# Ridgid 700?



## DesertOkie (Jul 15, 2011)

Ridgid 700 plus dies for $800. From what I have seen it's a decent deal. What do you guys think?


----------



## TallCoolOne (Dec 19, 2010)

Pretty good Deal, if you are looking for a power pony.

Do you have a 300 or similiar.

I have one but never use it, I use the 300 all the time


----------



## Gettinit (May 9, 2012)

Jump on it if its not hot! Then get the arm for it. They are the cats @$$.


----------



## rocksteady (Oct 8, 2008)

Yeah, that's a good deal if it's in good shape and not stolen.







Paul


----------



## DesertOkie (Jul 15, 2011)

rocksteady said:


> Yeah, that's a good deal if it's in good shape and not stolen.
> 
> Paul


I don't think it's hot the guy has a ridgid netter and some other stuff, says he is a plumber who got hurt and is retireing No pics so I don't know shape yet. it's an hour away so I might drive over and see it.


----------



## Will (Jun 6, 2010)

I like my 700. I use mine all the time. It's the best threader a repair plumber can get . If your doing new work, you will want the 300.


----------



## johnlewismcleod (Apr 6, 2012)

Snatch it up...that's a great deal. The power pony and a bumper mount vice are brilliant for taking up minimal space on the truck and still cranking out some screw piping whenever needed in the field.
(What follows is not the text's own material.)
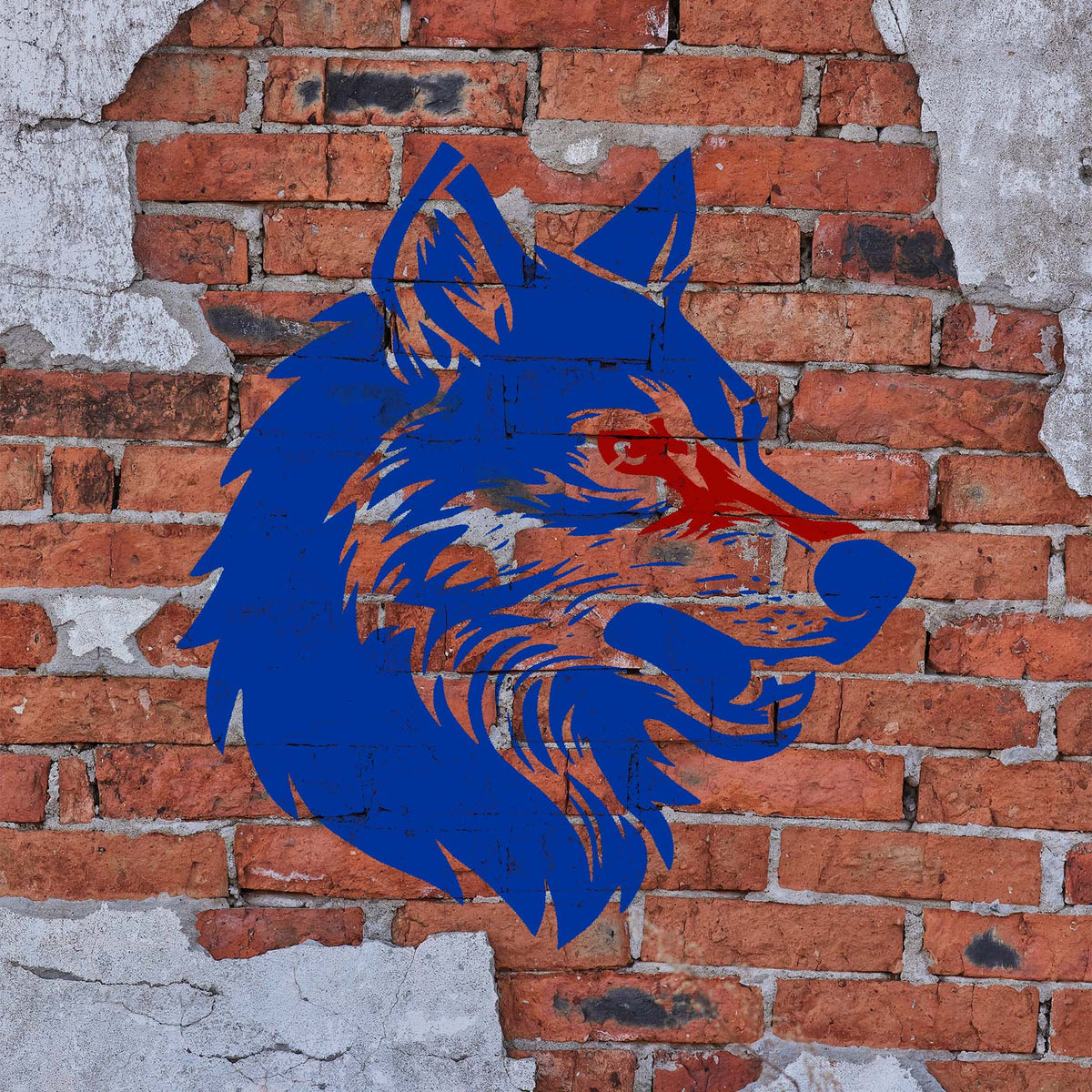 Wolf Head Profile Stencil painted in blue and red on a weathered brick wall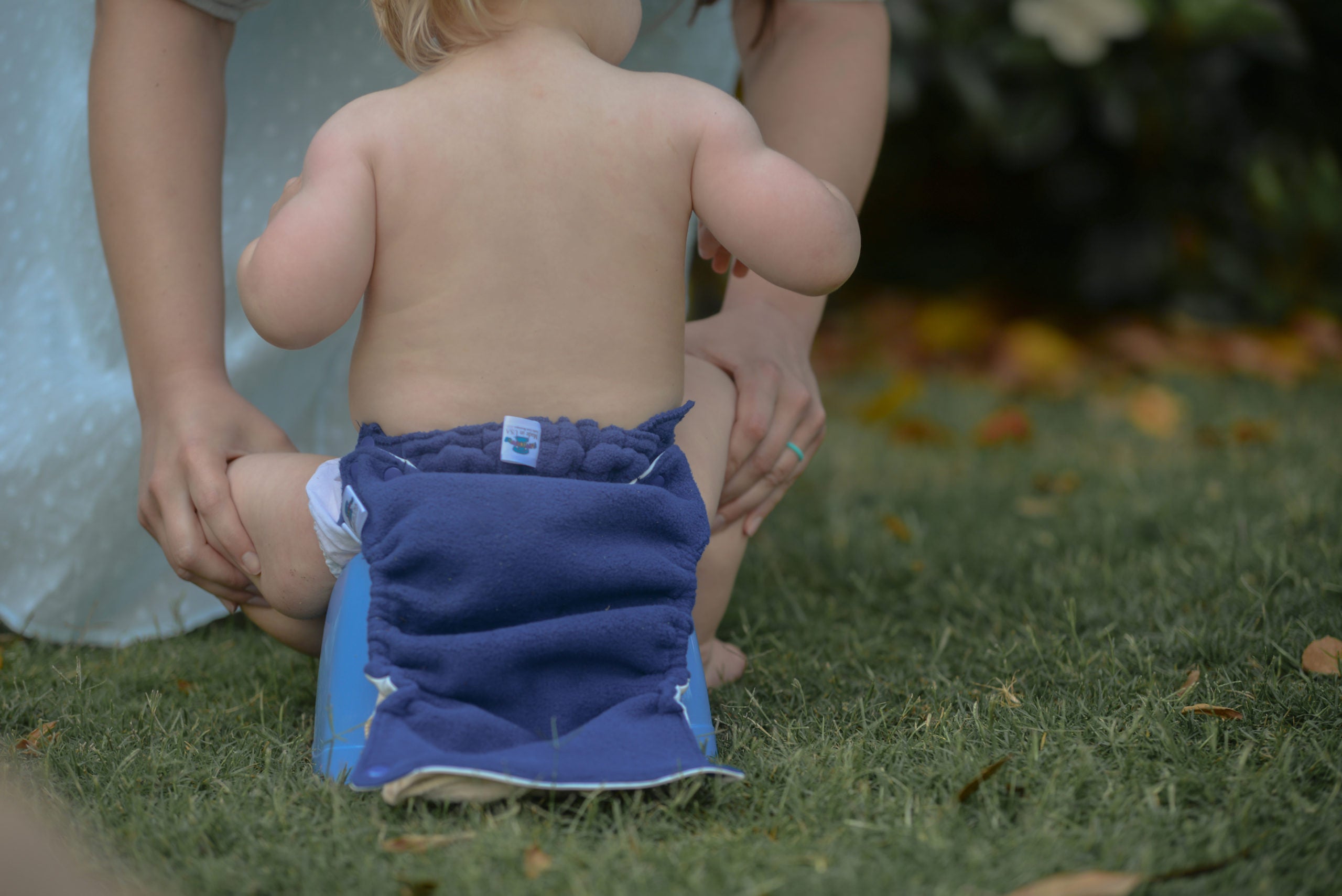 A baby uses the potty wearing a flappy-nappy diaper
I paid $1100 for mine with no dies (already had them anyway, but just saying).


----------



## Titan Plumbing (Oct 8, 2009)

johnlewismcleod said:


> Snatch it up...that's a great deal. The power pony and a bumper mount vice are brilliant for taking up minimal space on the truck and still cranking out some screw piping whenever needed in the field.
> 
> I paid $1100 for mine with no dies (already had them anyway, but just saying).


Or you can use your chin to hold it under a house...whilst threading 2"


----------



## johnlewismcleod (Apr 6, 2012)

Titan Plumbing said:


> Or you can use your chin to hold it under a house...whilst threading 2"


Ouch! Bet that cracked a few teeth


----------



## Titan Plumbing (Oct 8, 2009)

johnlewismcleod said:


> Ouch! Bet that cracked a few teeth


Actually it was the skeet thrower that busted my tooth...


----------



## Will (Jun 6, 2010)

I wont say how much I paid for mine, but it was a hell of a deal at a pawn shop. My 700 does most of my threading. New homes, remodels, and repairs. One of my favorite tools. You can use a nipple and wrench instead of the high dollar arm attachment.


----------



## Gettinit (May 9, 2012)

Will said:


> I wont say how much I paid for mine, but it was a hell of a deal at a pawn shop. My 700 does most of my threading. New homes, remodels, and repairs. One of my favorite tools. You can use a nipple and wrench instead of the high dollar arm attachment.


The arm attachment can be found cheap.


----------